▸ **Input data**
- Opening Delimiter -

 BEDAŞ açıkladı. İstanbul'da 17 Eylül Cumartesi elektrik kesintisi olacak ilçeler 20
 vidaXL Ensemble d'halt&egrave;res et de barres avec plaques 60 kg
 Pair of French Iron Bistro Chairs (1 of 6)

- Closing Delimiter -
- Opening Delimiter -

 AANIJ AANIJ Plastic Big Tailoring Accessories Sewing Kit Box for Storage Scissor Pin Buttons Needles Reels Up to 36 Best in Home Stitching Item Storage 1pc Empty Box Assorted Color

- Closing Delimiter -

Taking the material above, extract exactly and only the lines from the line with "BEDAŞ açıkladı. İstanbul'da" to the line with "Pair of French Iron Bistro Chairs (1 of 6)", inclusive of both.

▸ **Answer section**
 BEDAŞ açıkladı. İstanbul'da 17 Eylül Cumartesi elektrik kesintisi olacak ilçeler 20
 vidaXL Ensemble d'halt&egrave;res et de barres avec plaques 60 kg
 Pair of French Iron Bistro Chairs (1 of 6)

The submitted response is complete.